Despite a Williamstown nursing home recently being designated as a special focus facility with the Centers for Medicare & Medicaid Services, noting its serious, long-term issues in care, no Berkshire County facilities were implicated in the investigation.

"This was a major and significant, statewide investigation," Attorney General Maura Healey said at news conference in Boston. "Every senior has a right to quality care and every family has a right to know their loved one is safe in a long-term-care facility."

Healey said that her office investigated reports of substandard care or regulatory violations based on complaints from Department of Public Health inspectors and families.

In one facility, a patient died after being caught in "outdated and faulty" bedrails, Healey said. Another patient died after staff failed to administer medication that could have prevented a fatal blood clot.

Betsy Crane, a former resident of Beaumont Rehabilitation and Skilled Nursing Center in Westborough, had already fallen 19 times while in the care of the facility.

Her next fall, in 2015, proved fatal.

"Our mother, Betty Ford Crane, affectionately called Betsy, would not want anyone to die in the manner that she did," her daughter, Candi Hitchcock, said at the news conference.

Hitchcock, who called her mother her "best friend," found Betsy Crane the night of her 20th fall suffering from an untreated head wound. The 89-year-old had also suffered internal injuries that would lead to her death.

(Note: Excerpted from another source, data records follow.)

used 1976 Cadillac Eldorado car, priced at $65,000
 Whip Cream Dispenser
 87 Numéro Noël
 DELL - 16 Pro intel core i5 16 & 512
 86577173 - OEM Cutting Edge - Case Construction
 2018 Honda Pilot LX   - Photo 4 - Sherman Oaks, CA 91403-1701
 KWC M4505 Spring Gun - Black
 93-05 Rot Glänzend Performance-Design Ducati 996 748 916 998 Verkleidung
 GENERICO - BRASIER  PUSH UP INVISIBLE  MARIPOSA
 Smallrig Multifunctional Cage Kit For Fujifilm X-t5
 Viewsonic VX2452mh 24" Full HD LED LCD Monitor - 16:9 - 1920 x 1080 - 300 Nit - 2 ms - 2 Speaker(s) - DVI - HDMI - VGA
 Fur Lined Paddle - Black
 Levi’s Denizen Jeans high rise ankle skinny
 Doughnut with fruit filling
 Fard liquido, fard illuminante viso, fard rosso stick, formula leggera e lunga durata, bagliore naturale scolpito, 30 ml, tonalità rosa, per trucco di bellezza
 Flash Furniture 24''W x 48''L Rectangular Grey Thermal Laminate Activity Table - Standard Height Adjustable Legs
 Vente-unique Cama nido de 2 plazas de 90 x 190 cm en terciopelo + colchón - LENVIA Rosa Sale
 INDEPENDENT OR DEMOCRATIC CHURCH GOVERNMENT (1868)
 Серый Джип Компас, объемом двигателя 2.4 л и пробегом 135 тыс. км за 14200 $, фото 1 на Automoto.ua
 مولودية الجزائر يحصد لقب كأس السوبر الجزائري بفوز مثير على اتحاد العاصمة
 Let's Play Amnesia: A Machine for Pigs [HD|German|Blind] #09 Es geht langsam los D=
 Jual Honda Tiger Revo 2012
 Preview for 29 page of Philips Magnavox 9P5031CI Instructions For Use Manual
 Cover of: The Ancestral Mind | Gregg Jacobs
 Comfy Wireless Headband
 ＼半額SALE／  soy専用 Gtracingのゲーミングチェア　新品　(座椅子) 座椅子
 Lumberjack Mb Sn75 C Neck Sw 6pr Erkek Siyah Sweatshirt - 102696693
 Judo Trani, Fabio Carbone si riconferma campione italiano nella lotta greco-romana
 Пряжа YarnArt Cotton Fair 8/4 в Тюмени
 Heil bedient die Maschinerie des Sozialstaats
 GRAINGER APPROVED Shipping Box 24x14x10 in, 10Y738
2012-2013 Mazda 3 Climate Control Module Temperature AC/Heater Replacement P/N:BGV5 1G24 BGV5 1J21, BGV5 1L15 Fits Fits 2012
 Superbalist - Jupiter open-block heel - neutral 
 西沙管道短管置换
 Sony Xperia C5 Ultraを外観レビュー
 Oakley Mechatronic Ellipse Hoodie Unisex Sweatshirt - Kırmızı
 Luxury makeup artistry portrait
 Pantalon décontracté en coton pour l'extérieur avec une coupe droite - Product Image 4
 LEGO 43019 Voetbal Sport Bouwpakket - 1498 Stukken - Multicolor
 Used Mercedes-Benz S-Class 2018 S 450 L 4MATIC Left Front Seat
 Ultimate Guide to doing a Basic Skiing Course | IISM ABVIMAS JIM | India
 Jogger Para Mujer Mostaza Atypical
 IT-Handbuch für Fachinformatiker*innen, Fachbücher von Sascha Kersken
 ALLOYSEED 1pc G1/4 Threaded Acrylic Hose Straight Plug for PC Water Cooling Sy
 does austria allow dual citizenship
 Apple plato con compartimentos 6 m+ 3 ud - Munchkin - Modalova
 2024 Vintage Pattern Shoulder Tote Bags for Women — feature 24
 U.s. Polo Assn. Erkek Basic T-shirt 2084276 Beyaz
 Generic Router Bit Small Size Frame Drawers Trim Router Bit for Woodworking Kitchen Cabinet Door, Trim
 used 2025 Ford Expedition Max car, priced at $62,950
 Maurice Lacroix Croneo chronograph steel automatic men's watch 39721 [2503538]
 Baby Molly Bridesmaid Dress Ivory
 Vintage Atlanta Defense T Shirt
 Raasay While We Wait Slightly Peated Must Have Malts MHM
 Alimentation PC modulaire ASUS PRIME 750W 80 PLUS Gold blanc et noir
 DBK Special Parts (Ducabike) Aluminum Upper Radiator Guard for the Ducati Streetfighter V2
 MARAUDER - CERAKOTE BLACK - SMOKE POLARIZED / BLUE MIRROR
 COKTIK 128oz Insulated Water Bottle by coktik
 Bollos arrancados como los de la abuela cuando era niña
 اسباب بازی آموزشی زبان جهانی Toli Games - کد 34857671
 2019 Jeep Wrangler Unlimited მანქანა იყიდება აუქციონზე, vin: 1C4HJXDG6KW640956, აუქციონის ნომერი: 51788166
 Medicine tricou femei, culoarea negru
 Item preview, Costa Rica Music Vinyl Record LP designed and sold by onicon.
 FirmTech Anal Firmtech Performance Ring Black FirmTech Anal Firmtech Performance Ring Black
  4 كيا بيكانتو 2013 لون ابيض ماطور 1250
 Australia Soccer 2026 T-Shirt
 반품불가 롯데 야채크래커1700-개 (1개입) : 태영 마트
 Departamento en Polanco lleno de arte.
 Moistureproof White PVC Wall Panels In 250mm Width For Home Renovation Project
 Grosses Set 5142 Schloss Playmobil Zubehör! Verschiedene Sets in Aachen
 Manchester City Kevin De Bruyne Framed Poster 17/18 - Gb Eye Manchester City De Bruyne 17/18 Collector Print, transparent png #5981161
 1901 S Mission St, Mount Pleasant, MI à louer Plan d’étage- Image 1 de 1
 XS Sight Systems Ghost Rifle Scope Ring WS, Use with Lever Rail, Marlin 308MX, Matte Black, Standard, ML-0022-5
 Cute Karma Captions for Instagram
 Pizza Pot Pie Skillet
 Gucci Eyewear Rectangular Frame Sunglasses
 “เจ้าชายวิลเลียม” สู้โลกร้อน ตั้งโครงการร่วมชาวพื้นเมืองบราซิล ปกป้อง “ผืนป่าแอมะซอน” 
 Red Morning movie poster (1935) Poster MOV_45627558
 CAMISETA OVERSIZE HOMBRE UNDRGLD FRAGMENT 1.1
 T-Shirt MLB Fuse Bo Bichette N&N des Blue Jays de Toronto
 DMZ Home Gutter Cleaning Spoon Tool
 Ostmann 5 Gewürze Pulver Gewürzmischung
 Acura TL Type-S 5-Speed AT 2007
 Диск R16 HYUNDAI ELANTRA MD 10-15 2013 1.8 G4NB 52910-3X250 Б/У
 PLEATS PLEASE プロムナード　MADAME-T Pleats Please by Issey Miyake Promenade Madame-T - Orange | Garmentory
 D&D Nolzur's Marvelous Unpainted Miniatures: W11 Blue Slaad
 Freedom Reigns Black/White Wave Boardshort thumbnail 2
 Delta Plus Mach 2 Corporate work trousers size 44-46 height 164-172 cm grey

"Our family had to watch her bleed out for 10 days from July 29 to Aug. 7, 2015," Hitchcock said. "She died an unnecessarily painful death."

Members of Crane's family joined Healey and senior care advocates to announce settlements with Beaumont and the six nursing care facilities.

"My hope today is that entities operating in the state will live up to expectations of quality of care and quality of life, and if they don't, they'll have to answer to our office," Healey said.

There are more than 400 nursing homes in Massachusetts operating 45,000 beds, but officials said the industry is facing severe financial and demographic challenges that have led to "cutting corners" and shortages in staffing or substandard training that is affecting the level of care that seniors receive.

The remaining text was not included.